### [Prompt]
Below are records; reproduce exactly the lines from the one that has "Porträt von Laura" through the one that has "Blauwe Cushion Charm Armband - Image 3", ends included, and nothing more.

### [Working data]
↓
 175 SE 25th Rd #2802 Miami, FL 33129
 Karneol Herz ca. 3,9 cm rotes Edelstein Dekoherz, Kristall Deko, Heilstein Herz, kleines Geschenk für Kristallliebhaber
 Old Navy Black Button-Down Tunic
↑
↓
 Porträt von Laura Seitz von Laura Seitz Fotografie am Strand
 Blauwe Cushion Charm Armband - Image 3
↑
↓
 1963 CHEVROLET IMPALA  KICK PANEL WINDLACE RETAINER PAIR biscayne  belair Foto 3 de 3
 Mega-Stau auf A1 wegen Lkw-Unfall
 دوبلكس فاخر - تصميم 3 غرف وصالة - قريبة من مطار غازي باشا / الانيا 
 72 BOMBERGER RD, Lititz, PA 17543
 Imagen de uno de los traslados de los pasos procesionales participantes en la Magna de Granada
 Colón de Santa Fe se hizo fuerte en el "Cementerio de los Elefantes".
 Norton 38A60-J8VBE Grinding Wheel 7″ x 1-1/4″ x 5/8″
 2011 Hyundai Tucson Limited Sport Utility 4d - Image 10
↑
### [Solution to the problem]
 Porträt von Laura Seitz von Laura Seitz Fotografie am Strand
 Blauwe Cushion Charm Armband - Image 3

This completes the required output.